Nokia’s Suri resigns after indifferent results feeds doubts over strategy

via Flickr © cogdogblog (CC BY 2.0)

via Flickr © cogdogblog (CC BY 2.0)

 

  • Rumours of asset disposals swirl 
  • Report claims Finnish vendor has brought in advisors to explore options
  • But those options look limited given the decades of vendor consolidation
 

 

It may be one of those rare instances when the official story of a dignified departure, after working hard and achieving much but, in the end, unable to spark the sort of revival required, probably holds true. 

Nokia has announced that Rajeev Suri is to step down after more than a decade as President and CEO of Nokia and Nokia Siemens Networks.
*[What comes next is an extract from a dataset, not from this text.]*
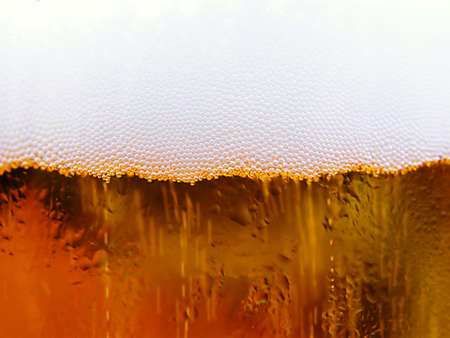 A glass with the cold beer, as a background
In his place the company has already appointed Pekka Lundmark, a one-time Nokia insider (as are many of Finland’s managerial elite) currently heading up leading Finnish energy company, Fortum. 

So Lundmark comes with a Nokia background and a perspective enriched by recent experience in an adjacent industry.  

For his part Suri says he has been mulling a move for some time: “After 25 years at Nokia, I have wanted to do something different,” the press release has him saying. 

There‘s an extended handover: Lundmark won’t take up his post until September this year and Suri will  continue as an advisor to the Nokia Board until January 1, 2021. 

Despite all the usual warm words delivered in Suri’s direction by Nokia’s board, there’s no denying that promises he’s made over performance have not panned out. 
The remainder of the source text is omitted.